Exercise materials:
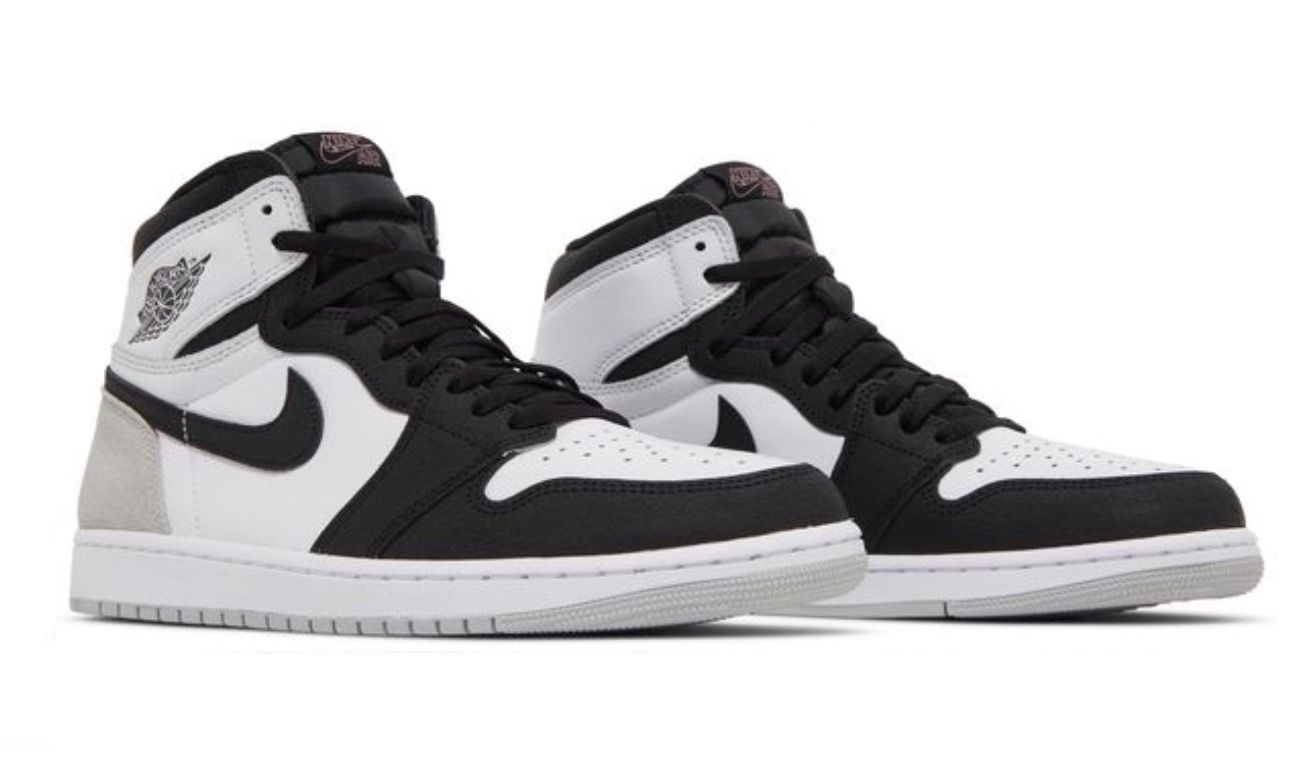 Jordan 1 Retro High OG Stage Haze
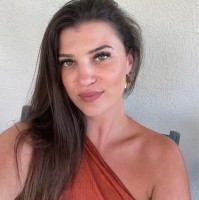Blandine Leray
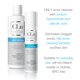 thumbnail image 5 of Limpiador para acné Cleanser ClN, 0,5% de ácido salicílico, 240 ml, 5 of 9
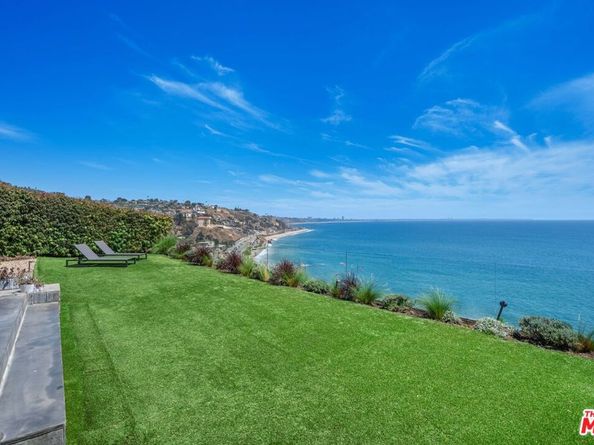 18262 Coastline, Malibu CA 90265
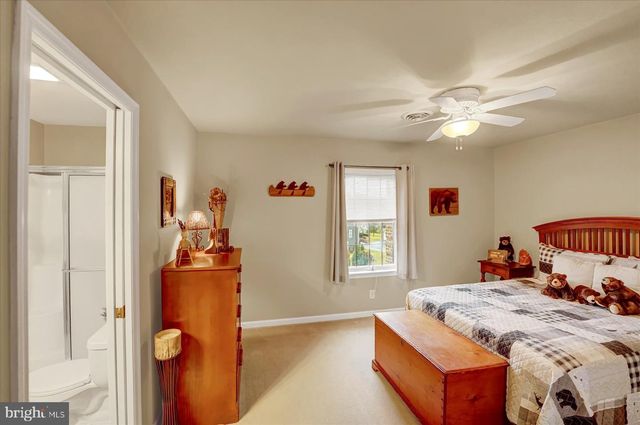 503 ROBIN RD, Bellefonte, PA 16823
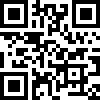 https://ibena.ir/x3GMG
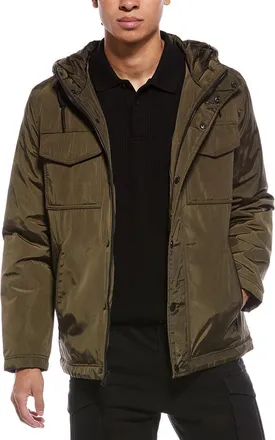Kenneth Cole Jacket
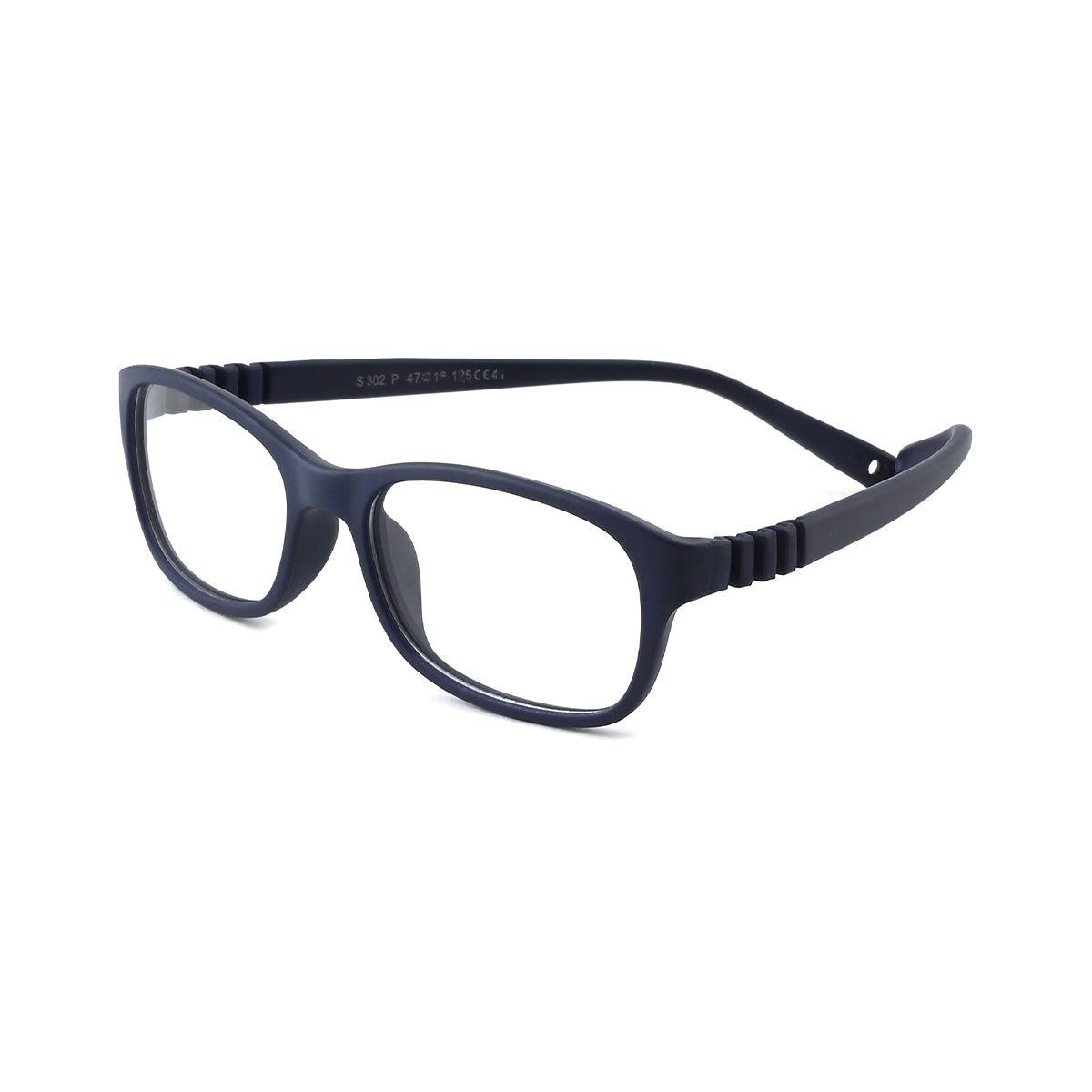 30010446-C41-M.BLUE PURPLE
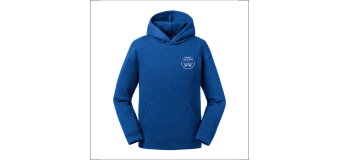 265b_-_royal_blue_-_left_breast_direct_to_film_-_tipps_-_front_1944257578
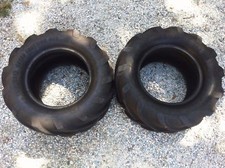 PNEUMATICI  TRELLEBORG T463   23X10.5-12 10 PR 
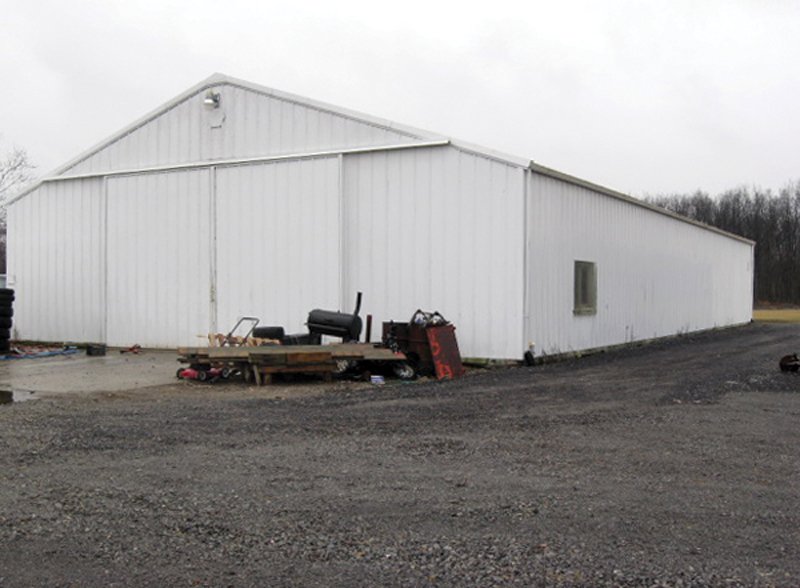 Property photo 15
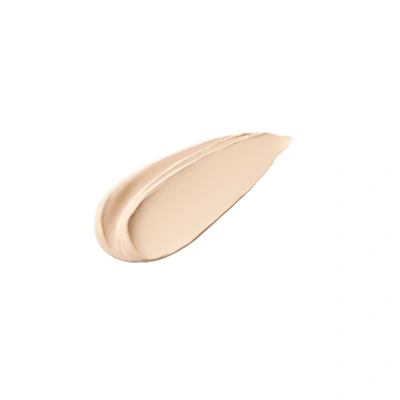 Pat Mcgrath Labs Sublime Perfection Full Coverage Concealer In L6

Work to be completed: Pictures are to be left out; otherwise, copy exactly each line from the one containing "30010446-C41-M.BLUE PURPLE" through the last line of the listing.

Output for this task:
 30010446-C41-M.BLUE PURPLE
 265b_-_royal_blue_-_left_breast_direct_to_film_-_tipps_-_front_1944257578
 PNEUMATICI  TRELLEBORG T463   23X10.5-12 10 PR 
 Property photo 15
 Pat Mcgrath Labs Sublime Perfection Full Coverage Concealer In L6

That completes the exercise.